Apply the best changes from both.

Hard Constraints on Output

Never propose large rewrites of AGENTS.md.
Never create big new skills. Tiny, focused, high-ROI only.
Every proposal must reference concrete history ("In the payment retry thread on May 3rd and the similar incident on May 18th...").
If nothing high-confidence was found, say so clearly instead of manufacturing improvements.

Gotchas

Do not turn a single annoying session into a permanent rule unless it was unusually high impact. Prefer "no change" over a weak constitution update.
Do not rely on memory vibes. Each proposed update needs a concrete session, date range, file, PR, or repeated correction pattern that can be checked.
Keep generated AGENTS.md text short. If the proposed rule needs multiple paragraphs, it probably belongs in a tiny skill or a project doc instead.
Application is gated by the user.
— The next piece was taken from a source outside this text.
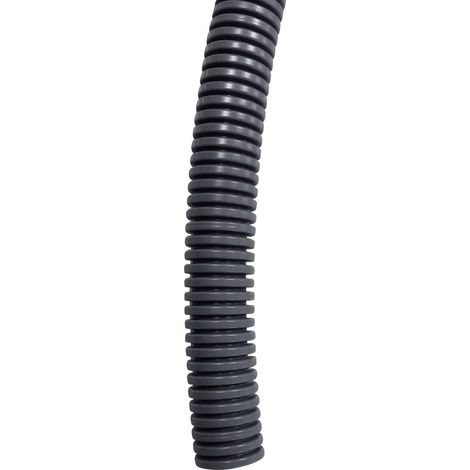Heidemann 13567 Corrugato EN20 25 m Nero 1 pz. (1/2)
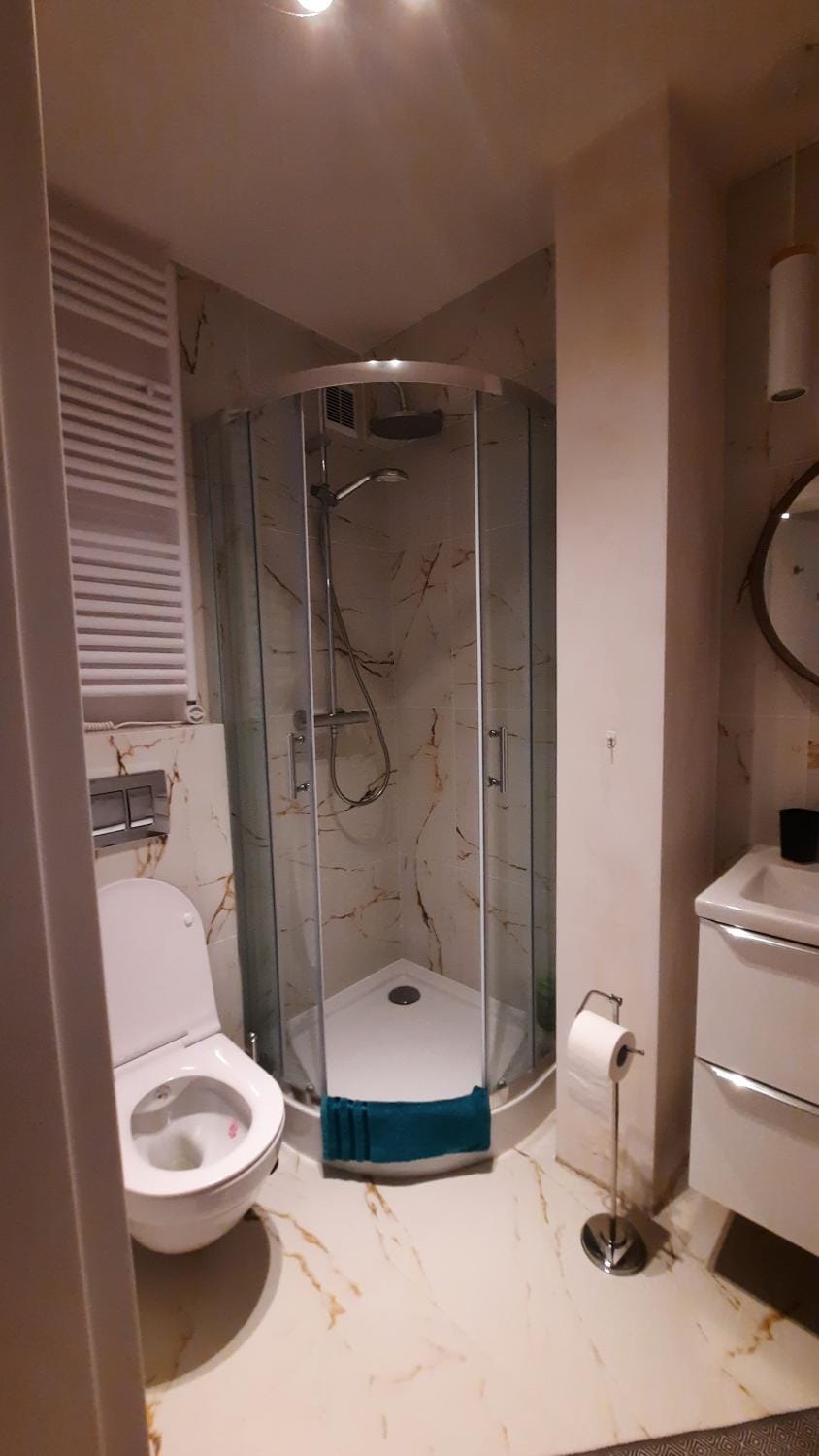 Shower, Bathroom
The retrospective can propose exact diffs, but it must not silently rewrite AGENTS.md or existing skills.

References

references/retrospective-prompt.md — The core prompt template used to drive Codex's self-analysis
references/agents-md-update-rules.md — Strict rules for what kind of changes are acceptable
references/minimal-skill-criteria.md — What qualifies as a "tiny useful skill" worth extracting
references/examples/ — Real (sanitized) retrospective outputs and the resulting AGENTS.md diffs

Success Looks Like

After 4–8 weeks of regular use:

Codex makes fewer basic assumption errors in your domain
You spend less time re-explaining preferences and constraints
Your AGENTS.md and skills folder feel like they were written by someone who has worked with you for a long time (because they were)
New projects ramp up faster because the constitution already encodes hard-won lessons

Start with a focused 7- or 14-day retrospective on a project where you've felt the most friction recently. The pattern will become natural quickly.